The spell of fine April weather continued into early May and whilst sitting outside in the garden to the front of the house I became aware of a strange “apparition” imprinted onto the living room window, the unmistakable form of an owl in flight.... at the moment of impact with the window (I will try to post photo’s along with this account) The appearance is of a Barn Owl, but it might also have been a Tawny Owl, neither are uncommon in the area (maybe someone more knowledgeable than I on the subject might have some suggestions if I am allowed to post the photo’s.) Again nothing supernatural but strange and somewhat eerie given the mythology surrounding owls as portents of death/transition, ill or good luck..... depending on ones preferred interpretation, and certainly something I have never before witnessed in this (or any) house previously.
And here’s where it does get a bit weird.

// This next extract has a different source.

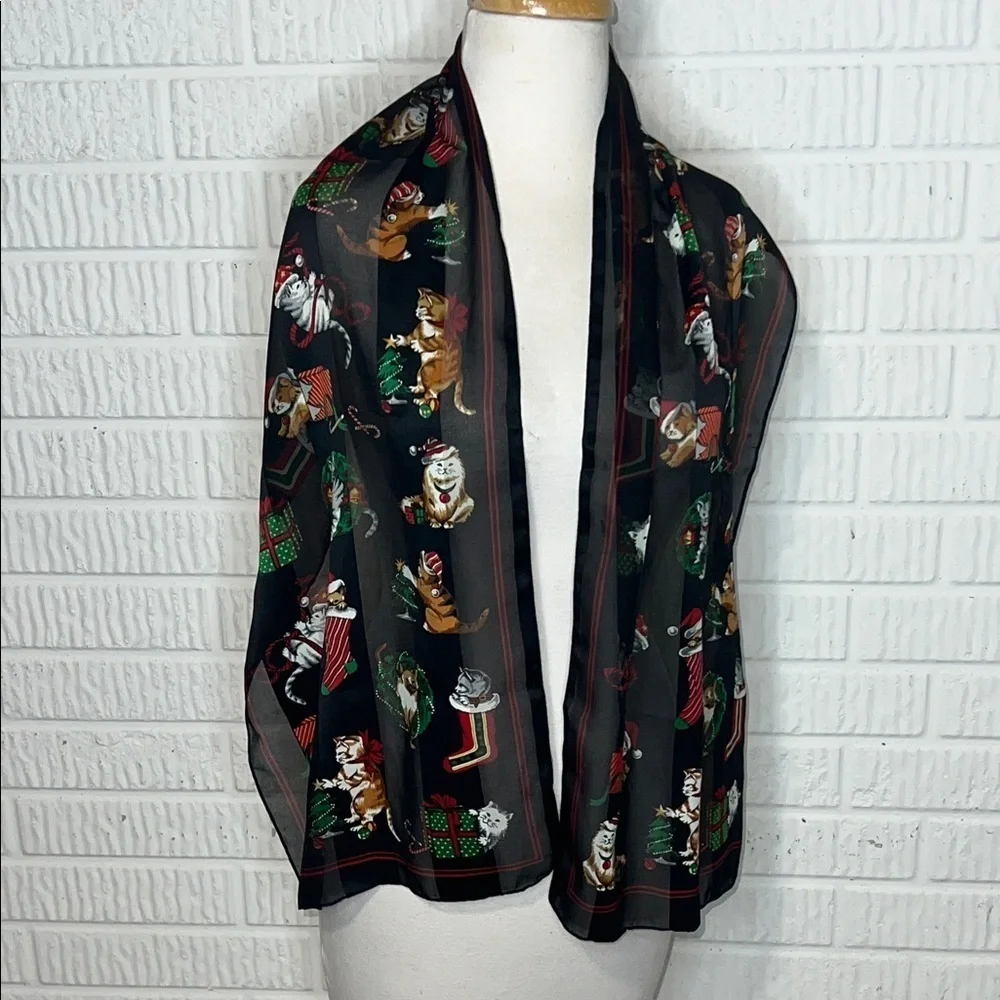 Black Cat Print Scarf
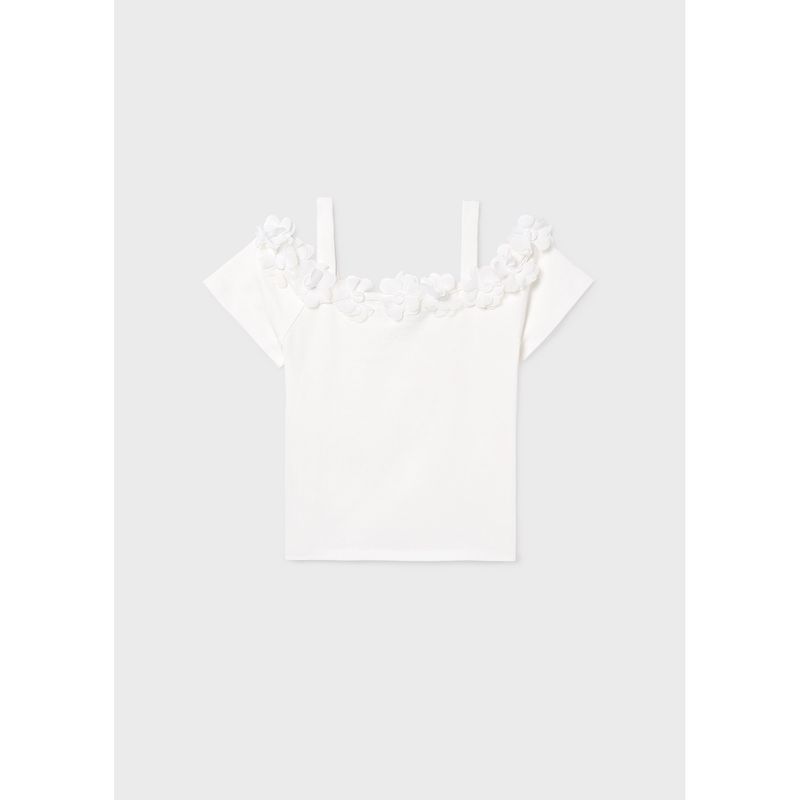 OFF WHITE TSHIRT ROSES APPLIQUE / 6003-095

Last week I went with my partner to a nearby pub for a couple of drinks. Earlier in the day I had been next door helping my brother move some furniture and I happened to take a snap of the post horn (of doom!) on my 'phone. We were discussing these things and I passed her my 'phone displaying the photo on the screen....as I did this I picked up my pint which was about one third full and the glass slipped out of my hand and broke on the table, maybe not that strange and maybe not that unusual, although I don’t recall spilling ale like this before...perhaps I was just a bit careless....but what happened next was. I stood the glass back up on its base (it was a tulip glass) and we began mopping up the spilt ale as best we could when the already cracked glass “exploded” into fragments, showering the table top with shards of glass.
I went to speak to one of the bar staff, the broken glass presenting a serious hazard to any customer using that particular table. When I mentioned how the glass exploded she responded “Oh yes that happens a lot in this pub!” she went on to say that empty glasses regularly exploded behind the bar theorising that the high temperatures used in the glass washing appliances might be to blame. I replied with words to the effect of “but doesn’t it strike you as a bit odd?” and she immediately replied with words to the effect of “I’m sure this pub is haunted, there’s definitely a ghost here!”
And that’s about it...so far!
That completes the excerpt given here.